The statement was part of a study titled “Are India and China Bound for Another Border Clash”. The study, published on June 2, was written by John Pollock and Damien Symon.
India considers Aksai Chin as part of the Union Territory of Ladakh, while China considers the plateau a part of its Xinjiang province and Tibet. Beijing currently controls 38,000 square kilometres of land in Aksai Chin that is claimed by India.
India and China have been locked in a border standoff since their troops clashed in Galwan Valley in eastern Ladakh in June 2020. Twenty Indian soldiers were killed in the clash. China had put the number of casualties on its side at four.
Chatham House said in its study that satellite images taken in the six months from October 2022 show a region increasingly in flux.

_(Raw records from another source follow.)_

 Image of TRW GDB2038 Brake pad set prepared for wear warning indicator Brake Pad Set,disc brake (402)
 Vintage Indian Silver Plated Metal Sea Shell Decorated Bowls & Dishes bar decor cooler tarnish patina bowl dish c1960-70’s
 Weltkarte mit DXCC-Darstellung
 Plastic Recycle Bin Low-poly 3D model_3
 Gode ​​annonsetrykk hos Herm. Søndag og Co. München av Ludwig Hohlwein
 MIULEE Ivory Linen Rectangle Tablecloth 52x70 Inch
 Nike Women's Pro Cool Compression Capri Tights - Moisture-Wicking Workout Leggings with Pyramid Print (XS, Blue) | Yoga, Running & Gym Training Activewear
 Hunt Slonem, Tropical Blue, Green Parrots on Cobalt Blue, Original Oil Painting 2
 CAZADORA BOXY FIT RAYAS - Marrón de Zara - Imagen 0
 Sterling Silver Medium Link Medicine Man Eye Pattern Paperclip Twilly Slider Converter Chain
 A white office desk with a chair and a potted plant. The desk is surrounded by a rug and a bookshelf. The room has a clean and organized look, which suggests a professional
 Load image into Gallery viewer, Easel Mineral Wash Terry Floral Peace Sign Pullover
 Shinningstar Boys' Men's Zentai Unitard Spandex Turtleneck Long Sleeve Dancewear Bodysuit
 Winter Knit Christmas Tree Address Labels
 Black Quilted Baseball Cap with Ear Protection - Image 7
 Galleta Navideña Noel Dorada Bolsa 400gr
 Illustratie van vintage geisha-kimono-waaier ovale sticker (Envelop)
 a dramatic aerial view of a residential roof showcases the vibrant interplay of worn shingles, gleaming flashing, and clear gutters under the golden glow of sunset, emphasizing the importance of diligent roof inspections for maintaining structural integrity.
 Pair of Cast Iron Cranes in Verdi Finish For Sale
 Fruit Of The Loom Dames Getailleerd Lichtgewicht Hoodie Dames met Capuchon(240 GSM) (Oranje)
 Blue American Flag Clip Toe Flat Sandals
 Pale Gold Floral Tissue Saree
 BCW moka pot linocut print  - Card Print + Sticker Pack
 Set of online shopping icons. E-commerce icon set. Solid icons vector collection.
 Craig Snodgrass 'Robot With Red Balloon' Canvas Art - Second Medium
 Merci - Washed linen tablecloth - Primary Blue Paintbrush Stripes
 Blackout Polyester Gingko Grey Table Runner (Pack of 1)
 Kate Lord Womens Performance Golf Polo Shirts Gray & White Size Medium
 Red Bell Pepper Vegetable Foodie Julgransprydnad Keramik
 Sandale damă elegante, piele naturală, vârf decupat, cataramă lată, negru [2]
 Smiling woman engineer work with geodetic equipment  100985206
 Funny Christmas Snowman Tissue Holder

“Where once there were scattered [China’s People’s Liberation Army] checkpoints and rudimentary positions on the Chinese side of the poorly demarcated Line of Actual Control, now there is an established Chinese presence,” it said. “...The images show expanded roads, outposts and modern weatherproof camps equipped with parking areas, solar panels and even helipads.”
The study added that in the Galwan Valley, several bases of the People’s Liberation Army connected by roads can now be seen leading up from the main standoff site.
The authors noted that there was “significant Chinese activity” in the Depsang Plains area. “Patrols seemingly intend to put pressure on, and impede the development of, a strategic Indian airstrip at Daulat Beg Oldi, which serves as a logistics and transport base for Indian operations at high altitudes and is the highest airstrip in the world,” the study said. “It crucially supports Indian units arranged not just against China but also against Pakistan.”
Chatham House also noted a proposed Chinese G695 highway intended to link Xinjiang with Tibet is due to be completed by 2035. “[The highway] will run the length of Aksai Chin through the Depsang Plains, south past Galwan Valley and towards Pangong Tso,” it said. “It represents a strategic artery that will connect the contested region to mainland China and give the PLA a new supply route.”
In the 1950s, China had constructed the G219 highway in the disputed area. The new highway will reportedly be closer to the Line of Actual Control than the G219 highway.
The new highway is part of China’s new national road network plan that aims to build 4,61,000 kilometres of roads by 2035.
So far, India and China have held 18 rounds of commander-level talks to resolve the conflict along the border. The last such talks were held on April 23.
In a statement issued after the 18th round of talks, New Delhi said that both sides agreed to maintain security and stability on the ground in the western sector, according to The Indian Express.